A CPMI do INSS decidiu endurecer a resposta contra um dos principais alvos da investigação sobre fraudes em benefícios previdenciários. Nesta quarta-feira (25), a comissão aprovou a quebra dos sigilos bancário e fiscal e também um pedido de prisão preventiva do advogado Nelson Wilians Fratoni Rodrigues, já investigado pela Polícia Federal.
O advogado foi alvo de busca e apreensão no último dia 12 de setembro, em São Paulo, dentro da Operação Sem Desconto, e já teve prisão solicitada pela PF, pedido que não chegou a ser autorizado pelo Supremo Tribunal Federal (STF). Agora, com o novo requerimento aprovado pela CPMI, a decisão será novamente encaminhada à Corte.
No depoimento prestado à comissão na semana passada, Wilians se recusou a firmar compromisso de dizer a verdade e optou por não responder à maior parte das perguntas. Apesar do silêncio, negou envolvimento no esquema de fraudes que, segundo as investigações, movimentou milhões em prejuízos aos cofres públicos.
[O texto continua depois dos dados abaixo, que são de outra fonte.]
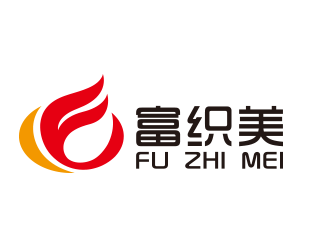 向正军的logo设计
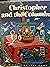 Christopher and the Columbus: A Little Golden Book
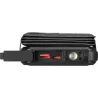 Sandberg 421-05 Solar 5-Panel Powerbank 10000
Investigações avançam e novas convocações são aprovadas
Além da quebra de sigilos e do pedido de prisão, os parlamentares também aprovaram o envio de relatórios de inteligência financeira ao Conselho de Controle de Atividades Financeiras (Coaf) e a convocação de pessoas ligadas a associações e empresas suspeitas de participação no esquema.
Entre os alvos está Carlos Roberto Ferreira Lopes, presidente da Confederação Nacional dos Agricultores Familiares e Empreendedores Familiares Rurais (Conafer), que teve sete requerimentos aprovados. Também foi convocado José Laudenor, empresário apontado como sócio do ex-ministro José Carlos Oliveira, servidor de carreira do INSS e integrante do governo do ex-presidente Jair Bolsonaro.
A comissão ainda solicitou ao presidente do Coaf, Ricardo Andrade Saadi, o envio do relatório completo da operação policial que investiga o esquema de fraudes.
CPMI quer mais poder de atuação
Em meio ao avanço das investigações, os parlamentares também discutiram um projeto de lei que amplia os poderes das comissões parlamentares de inquérito. A proposta, que ainda será formalmente apresentada ao Senado, reforça a autonomia das CPIs e estabelece que suas investigações não devem ficar subordinadas ao Ministério Público ou ao Judiciário.
O texto prevê que as comissões possam recorrer contra decisões judiciais, inclusive monocráticas, e que depoentes ausentes sem justificativa possam ser conduzidos coercitivamente pela polícia. Também estabelece multas que variam de um a dez salários mínimos, podendo ser multiplicadas por até dez vezes conforme a capacidade econômica do intimado.
Com a escalada das ações, a CPMI do INSS sinaliza que pretende ir até o fim nas investigações que miram o maior escândalo de fraudes previdenciárias dos últimos anos: mesmo que isso signifique tensionar a relação com o Judiciário.